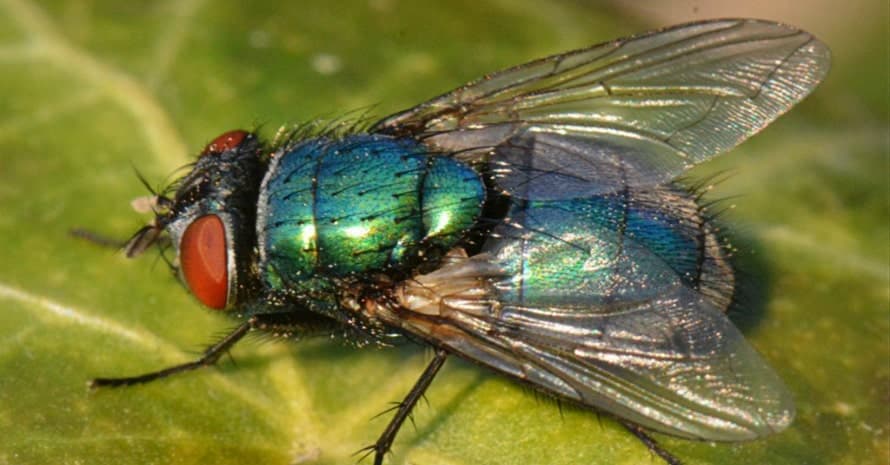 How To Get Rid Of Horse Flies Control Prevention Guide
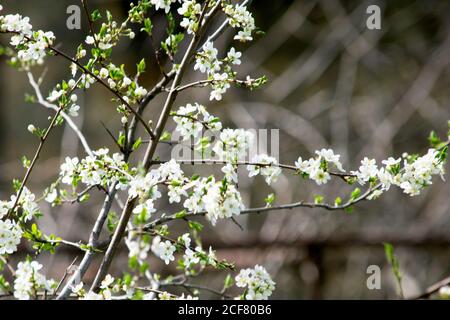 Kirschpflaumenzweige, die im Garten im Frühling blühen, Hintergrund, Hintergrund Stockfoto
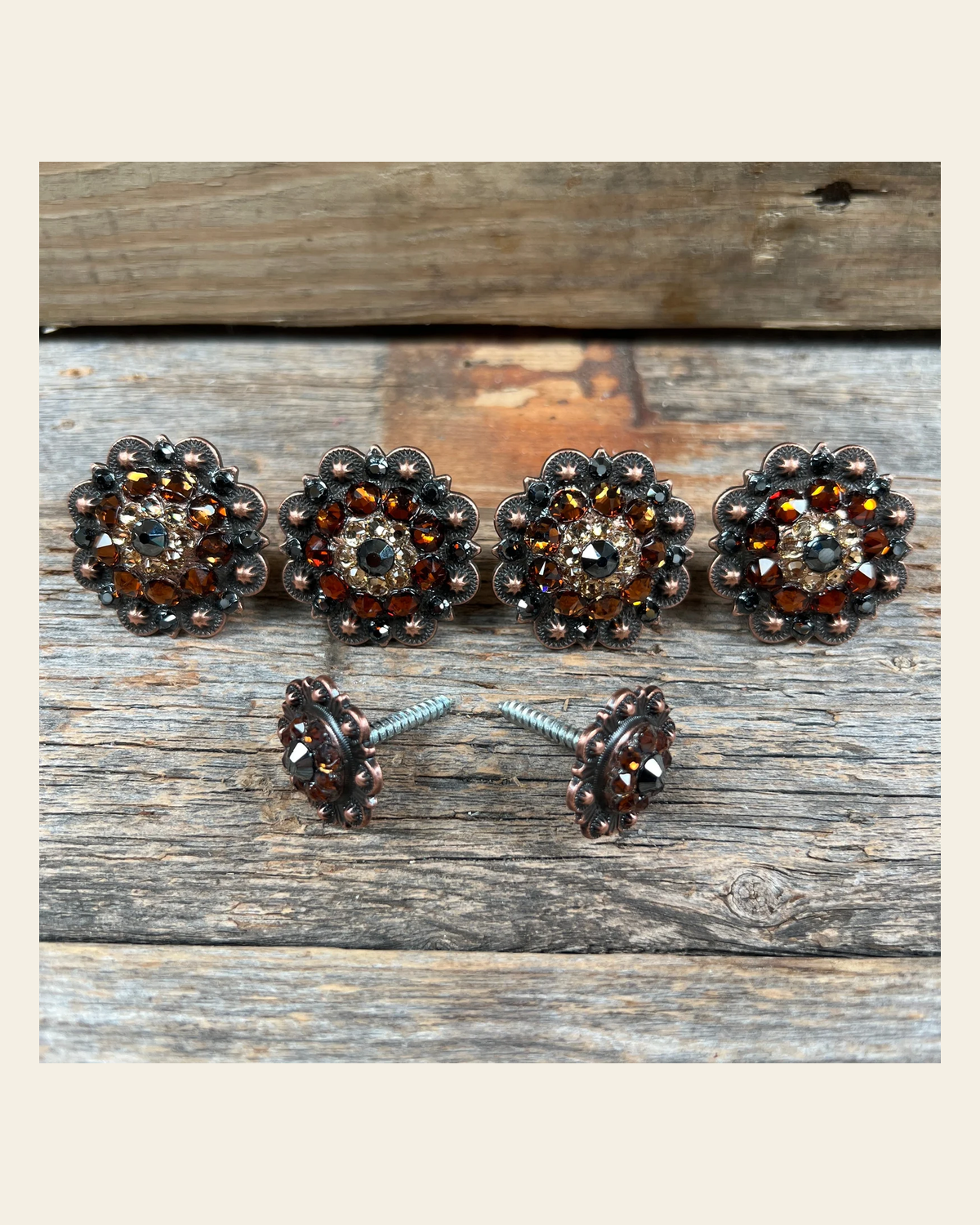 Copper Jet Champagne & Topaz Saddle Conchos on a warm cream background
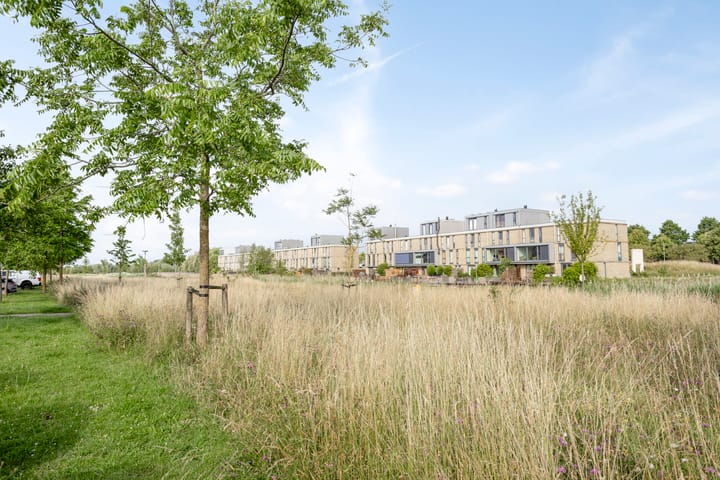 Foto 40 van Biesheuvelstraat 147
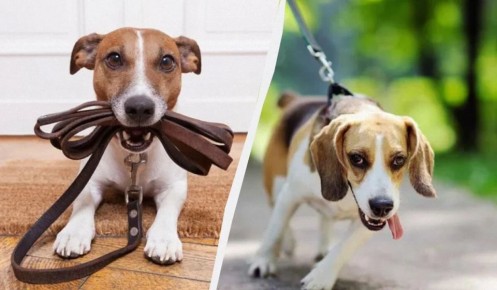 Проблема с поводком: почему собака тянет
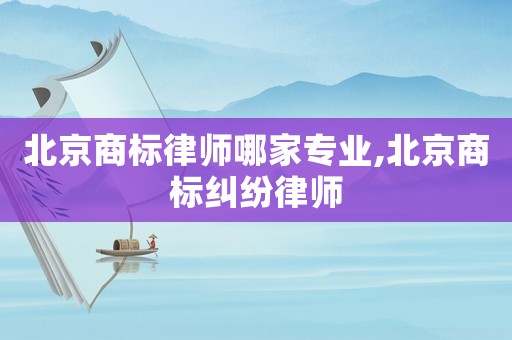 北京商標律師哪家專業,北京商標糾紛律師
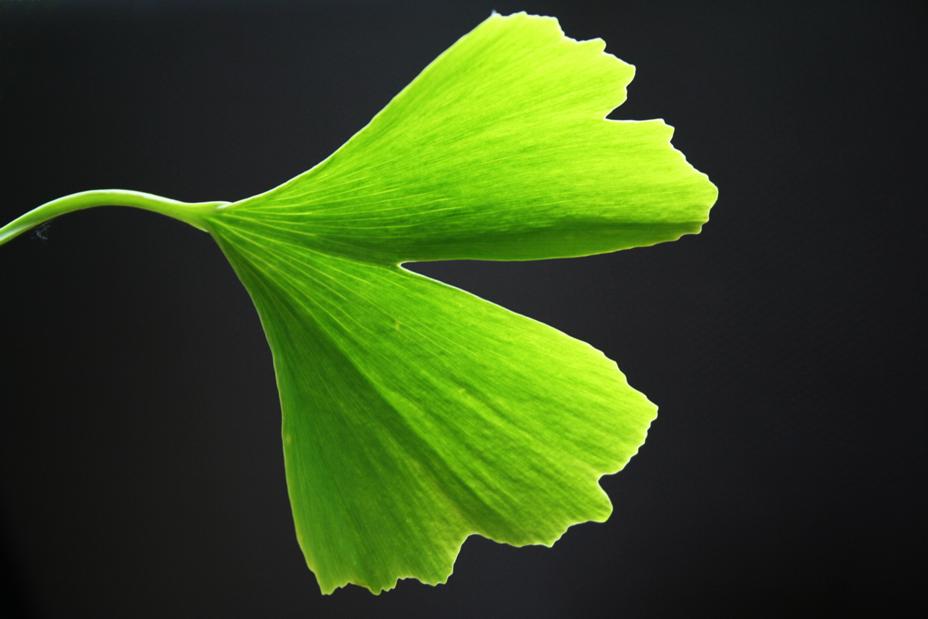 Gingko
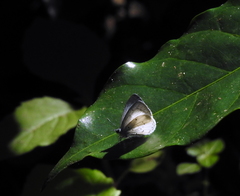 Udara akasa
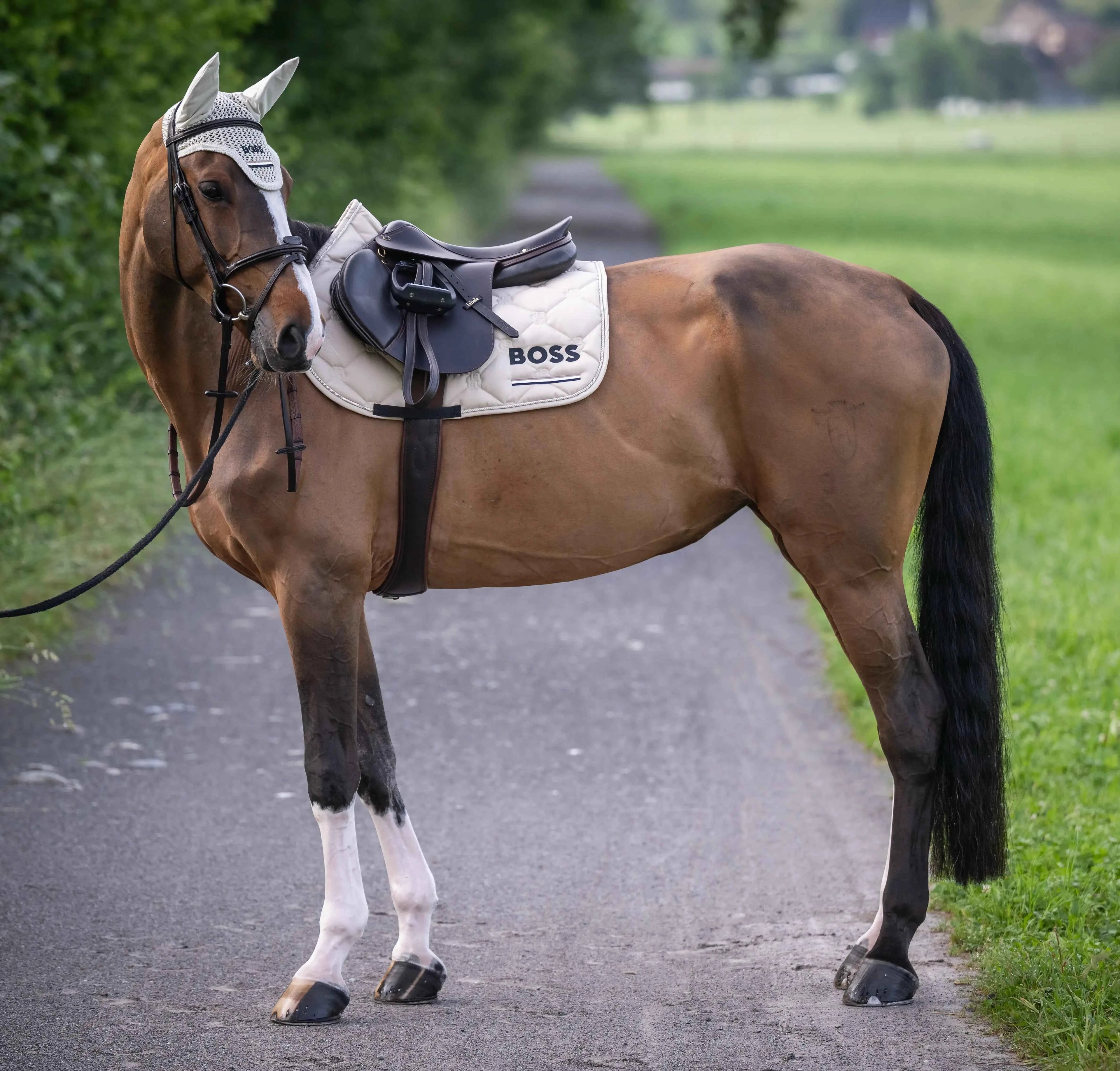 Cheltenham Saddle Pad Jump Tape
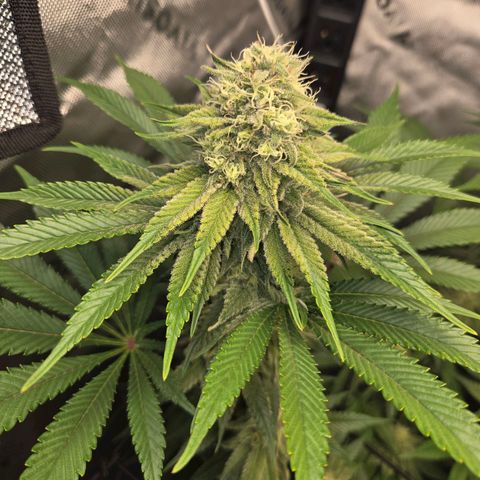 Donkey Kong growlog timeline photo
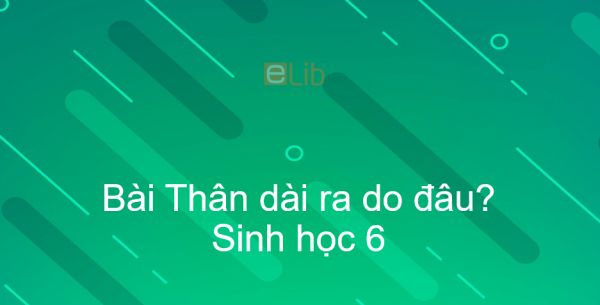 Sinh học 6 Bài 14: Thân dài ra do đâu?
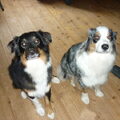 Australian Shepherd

The task:
Leaving out every picture, extract verbatim the lines from the one containing "Cheltenham Saddle Pad Jump Tape" through the last line of the listing, inclusive.

Written response:
 Cheltenham Saddle Pad Jump Tape
 Donkey Kong growlog timeline photo
 Sinh học 6 Bài 14: Thân dài ra do đâu?
 Australian Shepherd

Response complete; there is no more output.